Dari jarak sedekat ini, Rachelle dapat merasakan hembusan nafas hangat menerpa sebagian wajahnya. Aroma papermint menguar setiap kali Theo bicara. Sensasi maskulin yang mampu membuat perut Rachelle tergelitik, secara reflek mengalihkan wajah agar tak menatap wajah Theo. Ah, lebih tepatnya agar dia bisa menutupi semburat merah yang telah menjalari seluruh wajah hingga ke telinga.
Theo menggigit bibirnya gusar saat merasa tak mendapatkan jawaban yang jelas. Dia sungguh tak masalah kalaupun Rachelle memberi alasan paling menyakitkan, jijik lah, risih lah, sudah punya tunangan lah, atau apapun itu asal tak menggantungnya seperti ini. Theo butuh jawaban yang jelas, tapi melihat respon si gadis saat ini, tampaknya tetap tak membuahkan hasil. Theo juga tak bisa memaksa dengan kekerasan.
'Kluk—'
Theo menyandarkan kepalanya di bahu gadis itu, tak ada aroma Citrus kesayangannya, tapi wangi alami tubuh gadis itu lebih memabukkan dari apapun. Theo berani bersumpah, ini adalah aroma paling tak bisa dia dapatkan dimanapun juga selain pada Rachelle. Ini membuatnya semakin tak bisa melepaskan.
"Tolong.. kalau kau memang tak bisa menerimaku, beri aku alasan yang jelas. Demi Tuhan, Rachelle, aku akan benar-benar melepaskanmu kalau alasan itu masuk akal," ujar Theo. Suaranya terdengar begitu putus asa, seakan dia adalah seorang tahanan yang akan mengalami eksekusi mati.
"Aku tidak bisa, ini menyalahi aturanku sebagai guru les," jawab Rachelle lirih tetapi masih dapat didengar dengan jelas oleh Theo yang berada tepat di bahunya.
"Guru... Les?" si pemuda menengadahkan wajahnya, raut kebingungan kentara sekali.

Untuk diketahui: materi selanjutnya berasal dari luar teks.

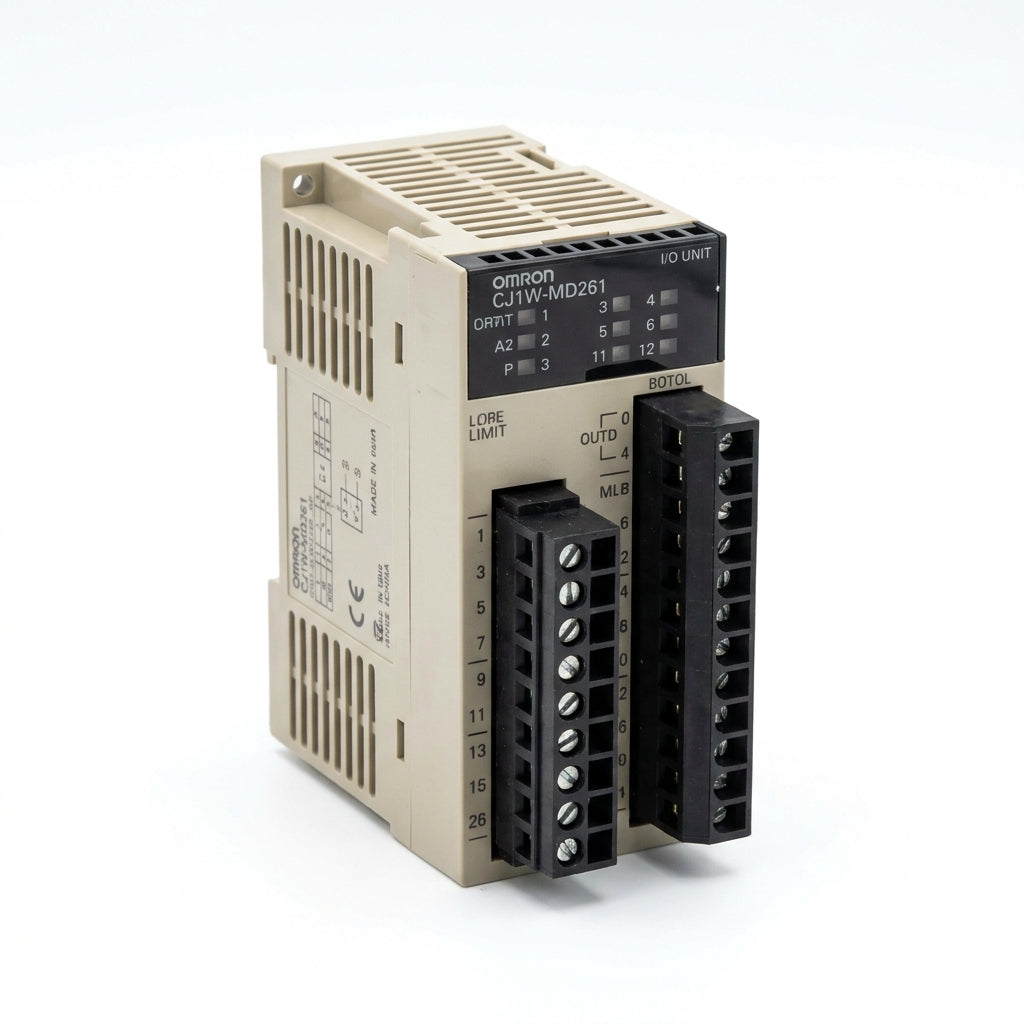 Omron CJ1W-MD261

"Ayahmu khawatir karena kau terus-terusan bermain game padahal sebentar lagi akan ada ujian masuk SMA. Dia mendatangiku untuk menjadi Guru les untuk mengajarimu, dengan syarat aku tak boleh mengatakan profesi ku yang sebenarnya karena takut kau akan menolak mentah-mentah. Maka—"
'Chuu—'
Theo membungkam gadis itu dengan menempelkan bibir mereka. Sebuah kecupan ringan namun cukup lama. Dia bisa merasakan bagaimana lembutnya daging berwarna merah muda yang hangat dan manis. Ribuan kupu-kupu berterbangan memenuhi isi perutnya.